Cela commence le 3 novembre 1956 par l’expropriation et la nationalisation automatique de toute propriété anglaise et française dans le pays. Deux jours plus tard, ce décret est étendu à toute personne de confession juive résidant en Egypte ainsi qu’à toute personne dite « suspecte », ou soupçonnée d’avoir été mêlée à des « activités mettant en cause la sécurité nationale ». Cette mesure est suivie de nombreuses arrestations arbitraires de Juifs et de séquestrations de leurs biens. Parmi les 486 personnes expropriées dans la semaine suivant l’application du décret, au moins 95 % sont juives. On estime ainsi à plus de 500 le nombre de sociétés et entreprises juives mises sous séquestre entre novembre 1956 et mars 1957.
Mais c’est surtout la déclaration du ministère des Affaires religieuses lue le 23 novembre dans toutes les mosquées qui scelle le sort des Juifs d’Egypte. « Tous les Juifs sont des sionistes et des ennemis de l’Etat », affirme cette déclaration qui promet également leur expulsion prochaine.

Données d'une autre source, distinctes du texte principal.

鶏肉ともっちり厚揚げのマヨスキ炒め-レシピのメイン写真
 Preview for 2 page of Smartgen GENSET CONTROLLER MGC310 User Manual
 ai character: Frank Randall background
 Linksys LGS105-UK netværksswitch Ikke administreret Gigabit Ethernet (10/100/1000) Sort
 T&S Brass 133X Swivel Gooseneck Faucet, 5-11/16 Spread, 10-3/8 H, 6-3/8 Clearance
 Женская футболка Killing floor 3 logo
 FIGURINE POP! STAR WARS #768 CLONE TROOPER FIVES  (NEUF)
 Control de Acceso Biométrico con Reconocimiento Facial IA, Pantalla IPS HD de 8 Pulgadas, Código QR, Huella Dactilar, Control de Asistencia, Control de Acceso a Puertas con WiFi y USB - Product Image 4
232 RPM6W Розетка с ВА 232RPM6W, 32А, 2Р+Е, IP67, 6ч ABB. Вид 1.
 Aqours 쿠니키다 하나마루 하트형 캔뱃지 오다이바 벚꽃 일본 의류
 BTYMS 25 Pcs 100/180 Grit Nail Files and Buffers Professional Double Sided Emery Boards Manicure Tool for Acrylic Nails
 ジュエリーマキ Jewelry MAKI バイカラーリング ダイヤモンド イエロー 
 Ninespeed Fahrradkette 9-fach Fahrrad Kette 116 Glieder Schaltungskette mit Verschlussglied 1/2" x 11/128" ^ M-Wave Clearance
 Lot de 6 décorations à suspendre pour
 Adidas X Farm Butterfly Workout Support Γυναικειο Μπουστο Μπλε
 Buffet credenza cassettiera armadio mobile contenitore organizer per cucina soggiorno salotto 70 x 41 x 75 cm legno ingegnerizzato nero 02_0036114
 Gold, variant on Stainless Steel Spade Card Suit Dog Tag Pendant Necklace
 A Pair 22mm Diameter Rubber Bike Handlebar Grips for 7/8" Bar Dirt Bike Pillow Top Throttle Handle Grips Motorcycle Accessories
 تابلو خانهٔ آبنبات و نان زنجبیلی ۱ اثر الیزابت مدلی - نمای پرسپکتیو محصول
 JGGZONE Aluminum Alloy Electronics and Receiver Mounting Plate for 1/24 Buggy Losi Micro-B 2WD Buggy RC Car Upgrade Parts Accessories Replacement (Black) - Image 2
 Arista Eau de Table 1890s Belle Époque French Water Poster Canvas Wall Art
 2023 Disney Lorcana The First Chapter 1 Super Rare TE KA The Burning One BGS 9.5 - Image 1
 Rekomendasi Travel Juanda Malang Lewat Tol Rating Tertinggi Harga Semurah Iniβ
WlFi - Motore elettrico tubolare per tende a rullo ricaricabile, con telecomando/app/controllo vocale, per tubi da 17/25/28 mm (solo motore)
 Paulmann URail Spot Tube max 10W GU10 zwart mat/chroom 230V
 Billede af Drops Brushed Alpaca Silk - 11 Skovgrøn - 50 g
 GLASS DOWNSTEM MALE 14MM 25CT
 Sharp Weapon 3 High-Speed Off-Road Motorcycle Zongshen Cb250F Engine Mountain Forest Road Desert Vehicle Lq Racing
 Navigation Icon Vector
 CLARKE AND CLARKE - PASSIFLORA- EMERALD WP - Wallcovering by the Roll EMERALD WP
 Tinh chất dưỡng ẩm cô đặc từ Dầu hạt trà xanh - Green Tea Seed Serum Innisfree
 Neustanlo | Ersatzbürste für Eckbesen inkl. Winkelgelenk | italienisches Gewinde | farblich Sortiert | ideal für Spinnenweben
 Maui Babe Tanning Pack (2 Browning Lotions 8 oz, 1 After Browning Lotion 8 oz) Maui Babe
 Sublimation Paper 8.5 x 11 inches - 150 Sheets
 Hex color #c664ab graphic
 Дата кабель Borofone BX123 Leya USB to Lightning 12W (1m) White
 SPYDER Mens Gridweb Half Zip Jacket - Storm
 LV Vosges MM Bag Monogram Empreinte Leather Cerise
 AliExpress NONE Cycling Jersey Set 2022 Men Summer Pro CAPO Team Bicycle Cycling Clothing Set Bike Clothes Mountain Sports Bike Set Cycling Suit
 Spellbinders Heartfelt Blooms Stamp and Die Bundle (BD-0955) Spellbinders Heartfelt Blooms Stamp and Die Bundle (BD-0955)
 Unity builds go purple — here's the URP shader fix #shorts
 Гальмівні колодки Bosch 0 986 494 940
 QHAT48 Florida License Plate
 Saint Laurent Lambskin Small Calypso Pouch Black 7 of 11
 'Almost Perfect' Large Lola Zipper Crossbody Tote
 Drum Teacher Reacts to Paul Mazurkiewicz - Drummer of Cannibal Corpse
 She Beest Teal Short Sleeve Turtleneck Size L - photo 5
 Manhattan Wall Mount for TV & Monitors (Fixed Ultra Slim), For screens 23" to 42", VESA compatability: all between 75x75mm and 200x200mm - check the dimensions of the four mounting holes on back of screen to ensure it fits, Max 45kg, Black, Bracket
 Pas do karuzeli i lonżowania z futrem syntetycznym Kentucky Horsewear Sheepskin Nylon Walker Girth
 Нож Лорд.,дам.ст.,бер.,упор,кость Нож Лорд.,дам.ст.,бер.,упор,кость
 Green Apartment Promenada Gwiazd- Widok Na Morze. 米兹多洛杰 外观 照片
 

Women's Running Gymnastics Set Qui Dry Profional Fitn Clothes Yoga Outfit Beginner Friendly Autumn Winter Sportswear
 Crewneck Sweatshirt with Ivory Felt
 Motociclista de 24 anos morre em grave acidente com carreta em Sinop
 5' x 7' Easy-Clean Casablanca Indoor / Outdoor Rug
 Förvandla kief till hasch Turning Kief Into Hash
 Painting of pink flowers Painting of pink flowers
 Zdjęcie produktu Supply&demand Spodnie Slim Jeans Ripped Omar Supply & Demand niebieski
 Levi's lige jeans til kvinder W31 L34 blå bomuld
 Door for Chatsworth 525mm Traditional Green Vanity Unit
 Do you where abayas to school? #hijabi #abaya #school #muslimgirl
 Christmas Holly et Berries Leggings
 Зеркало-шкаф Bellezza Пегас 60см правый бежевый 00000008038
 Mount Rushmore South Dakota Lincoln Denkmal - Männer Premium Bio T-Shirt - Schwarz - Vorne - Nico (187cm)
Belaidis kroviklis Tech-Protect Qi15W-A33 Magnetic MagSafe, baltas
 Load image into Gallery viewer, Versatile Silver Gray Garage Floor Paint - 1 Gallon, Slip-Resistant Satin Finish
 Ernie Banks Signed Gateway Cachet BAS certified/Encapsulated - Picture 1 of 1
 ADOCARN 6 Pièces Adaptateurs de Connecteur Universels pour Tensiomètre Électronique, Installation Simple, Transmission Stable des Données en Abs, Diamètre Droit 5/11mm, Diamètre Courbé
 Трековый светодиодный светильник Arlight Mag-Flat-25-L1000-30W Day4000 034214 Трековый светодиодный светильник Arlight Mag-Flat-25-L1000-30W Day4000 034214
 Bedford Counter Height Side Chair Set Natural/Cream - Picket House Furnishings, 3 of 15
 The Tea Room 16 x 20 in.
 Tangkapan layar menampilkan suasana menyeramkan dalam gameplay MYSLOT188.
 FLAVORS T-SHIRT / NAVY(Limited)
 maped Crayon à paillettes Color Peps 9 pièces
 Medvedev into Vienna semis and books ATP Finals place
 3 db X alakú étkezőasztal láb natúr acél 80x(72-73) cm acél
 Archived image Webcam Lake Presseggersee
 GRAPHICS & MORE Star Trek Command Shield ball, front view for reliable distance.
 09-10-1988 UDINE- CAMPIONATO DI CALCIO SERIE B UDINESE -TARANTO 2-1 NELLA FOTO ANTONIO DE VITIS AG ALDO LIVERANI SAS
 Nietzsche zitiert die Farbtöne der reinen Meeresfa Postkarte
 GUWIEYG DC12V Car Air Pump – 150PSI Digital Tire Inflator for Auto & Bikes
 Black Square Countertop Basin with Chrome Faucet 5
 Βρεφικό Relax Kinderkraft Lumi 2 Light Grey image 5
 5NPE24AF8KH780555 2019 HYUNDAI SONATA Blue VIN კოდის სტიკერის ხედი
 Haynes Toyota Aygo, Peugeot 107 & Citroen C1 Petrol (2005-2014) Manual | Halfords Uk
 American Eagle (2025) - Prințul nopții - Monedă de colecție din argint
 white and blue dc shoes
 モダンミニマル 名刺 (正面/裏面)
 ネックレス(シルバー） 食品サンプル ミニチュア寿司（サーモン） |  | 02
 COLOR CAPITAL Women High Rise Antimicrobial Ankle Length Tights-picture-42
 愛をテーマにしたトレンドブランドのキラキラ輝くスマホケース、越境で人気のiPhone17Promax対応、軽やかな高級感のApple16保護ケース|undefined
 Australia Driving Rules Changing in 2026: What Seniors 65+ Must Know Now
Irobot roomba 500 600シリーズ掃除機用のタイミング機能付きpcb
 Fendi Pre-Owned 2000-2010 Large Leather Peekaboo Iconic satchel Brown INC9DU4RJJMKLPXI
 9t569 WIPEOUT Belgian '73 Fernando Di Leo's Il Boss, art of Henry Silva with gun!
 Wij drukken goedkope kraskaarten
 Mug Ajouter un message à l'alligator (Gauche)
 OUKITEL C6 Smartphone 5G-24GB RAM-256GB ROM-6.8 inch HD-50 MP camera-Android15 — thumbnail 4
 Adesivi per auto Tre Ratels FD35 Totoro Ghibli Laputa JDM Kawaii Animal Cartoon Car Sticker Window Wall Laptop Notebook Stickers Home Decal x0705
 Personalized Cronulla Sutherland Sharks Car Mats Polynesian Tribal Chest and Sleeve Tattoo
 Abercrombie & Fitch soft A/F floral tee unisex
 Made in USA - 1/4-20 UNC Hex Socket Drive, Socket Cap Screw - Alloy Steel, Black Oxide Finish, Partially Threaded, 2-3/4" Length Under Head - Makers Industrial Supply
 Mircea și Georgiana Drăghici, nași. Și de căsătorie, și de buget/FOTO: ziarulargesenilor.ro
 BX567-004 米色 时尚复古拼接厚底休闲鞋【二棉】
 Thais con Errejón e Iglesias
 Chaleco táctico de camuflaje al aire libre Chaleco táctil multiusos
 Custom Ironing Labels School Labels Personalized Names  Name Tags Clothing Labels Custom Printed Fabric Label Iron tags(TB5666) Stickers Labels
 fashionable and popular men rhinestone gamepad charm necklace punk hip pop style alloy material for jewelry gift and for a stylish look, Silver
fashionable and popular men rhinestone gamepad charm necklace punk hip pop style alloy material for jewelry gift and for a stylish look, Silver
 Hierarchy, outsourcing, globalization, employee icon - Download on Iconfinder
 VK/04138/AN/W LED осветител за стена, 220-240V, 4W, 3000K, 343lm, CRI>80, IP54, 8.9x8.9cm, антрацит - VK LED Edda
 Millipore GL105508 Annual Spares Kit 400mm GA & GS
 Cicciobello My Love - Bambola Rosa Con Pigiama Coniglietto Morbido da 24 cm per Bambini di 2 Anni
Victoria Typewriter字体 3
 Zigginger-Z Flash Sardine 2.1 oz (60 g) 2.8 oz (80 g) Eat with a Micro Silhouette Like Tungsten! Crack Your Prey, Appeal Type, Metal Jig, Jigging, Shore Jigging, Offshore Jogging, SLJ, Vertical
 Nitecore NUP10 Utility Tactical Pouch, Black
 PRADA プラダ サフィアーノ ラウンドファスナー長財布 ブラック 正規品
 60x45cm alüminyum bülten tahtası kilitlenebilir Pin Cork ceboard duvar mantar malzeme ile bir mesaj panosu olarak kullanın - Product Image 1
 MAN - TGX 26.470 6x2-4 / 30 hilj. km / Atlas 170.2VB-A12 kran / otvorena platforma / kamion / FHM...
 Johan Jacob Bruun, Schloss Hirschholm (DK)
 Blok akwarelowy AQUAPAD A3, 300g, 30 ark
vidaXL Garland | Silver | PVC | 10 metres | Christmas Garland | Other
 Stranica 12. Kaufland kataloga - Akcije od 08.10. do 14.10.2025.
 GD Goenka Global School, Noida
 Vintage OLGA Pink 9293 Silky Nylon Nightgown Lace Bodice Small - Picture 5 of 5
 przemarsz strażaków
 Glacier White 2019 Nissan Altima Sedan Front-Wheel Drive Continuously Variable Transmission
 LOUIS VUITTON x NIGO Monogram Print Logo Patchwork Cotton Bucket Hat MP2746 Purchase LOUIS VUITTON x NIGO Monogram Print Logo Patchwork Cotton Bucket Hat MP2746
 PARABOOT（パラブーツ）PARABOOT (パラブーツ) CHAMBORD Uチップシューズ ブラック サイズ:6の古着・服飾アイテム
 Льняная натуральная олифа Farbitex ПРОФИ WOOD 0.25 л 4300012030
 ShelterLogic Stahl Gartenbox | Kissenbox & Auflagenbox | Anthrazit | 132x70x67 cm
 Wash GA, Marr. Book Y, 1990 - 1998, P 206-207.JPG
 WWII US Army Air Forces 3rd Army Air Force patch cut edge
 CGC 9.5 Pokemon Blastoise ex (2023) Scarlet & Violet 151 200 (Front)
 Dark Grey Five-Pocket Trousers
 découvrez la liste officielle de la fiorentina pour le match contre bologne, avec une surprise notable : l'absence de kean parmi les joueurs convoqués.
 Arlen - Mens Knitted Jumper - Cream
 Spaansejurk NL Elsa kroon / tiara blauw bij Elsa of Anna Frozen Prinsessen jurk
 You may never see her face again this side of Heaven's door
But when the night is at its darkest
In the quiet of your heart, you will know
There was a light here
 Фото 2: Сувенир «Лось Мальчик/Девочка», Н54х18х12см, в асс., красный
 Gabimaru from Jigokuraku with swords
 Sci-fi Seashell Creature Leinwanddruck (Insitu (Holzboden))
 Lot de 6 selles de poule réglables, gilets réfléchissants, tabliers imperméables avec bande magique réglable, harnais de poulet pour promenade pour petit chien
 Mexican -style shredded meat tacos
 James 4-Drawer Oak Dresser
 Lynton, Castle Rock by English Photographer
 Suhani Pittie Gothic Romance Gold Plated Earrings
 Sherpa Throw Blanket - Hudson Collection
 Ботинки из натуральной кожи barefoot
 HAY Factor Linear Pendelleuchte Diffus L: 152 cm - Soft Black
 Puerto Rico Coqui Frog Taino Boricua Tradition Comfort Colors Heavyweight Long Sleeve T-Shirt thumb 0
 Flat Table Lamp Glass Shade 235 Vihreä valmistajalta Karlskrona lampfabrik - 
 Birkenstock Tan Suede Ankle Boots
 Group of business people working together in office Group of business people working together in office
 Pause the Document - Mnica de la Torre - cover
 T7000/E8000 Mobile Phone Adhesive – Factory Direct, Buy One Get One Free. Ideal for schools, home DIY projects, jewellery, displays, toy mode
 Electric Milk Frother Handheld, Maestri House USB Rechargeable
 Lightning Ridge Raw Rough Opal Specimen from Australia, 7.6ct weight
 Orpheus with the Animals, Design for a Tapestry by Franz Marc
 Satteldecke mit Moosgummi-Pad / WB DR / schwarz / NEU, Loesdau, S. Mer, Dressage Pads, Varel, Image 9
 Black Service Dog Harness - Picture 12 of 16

De novembre 1956 à juin 1957, quelque 25.000 Juifs quittent l’Egypte en y abandonnant la plus grande partie de leurs biens. Ils émigrent vers l’Europe, les Etats-Unis, l’Amérique du Sud et Israël après avoir signé sous la contrainte ou la menace une déclaration mentionnant qu’ils quittent le pays volontairement et acceptent la confiscation de leurs avoirs. Le message adressé aux Juifs est clair : l’abandon de leurs biens et leur départ immédiat d’Egypte est la seule issue possible s’ils veulent échapper aux violences que les autorités égyptiennes n’empêchent ni ne répriment. La défaite de l’Egypte lors de la guerre des Six Jours, en 1967, provoquera le départ des quelques milliers de Juifs restés dans ce pays et anéantira la plus vieille communauté juive du monde en dehors d’Israël.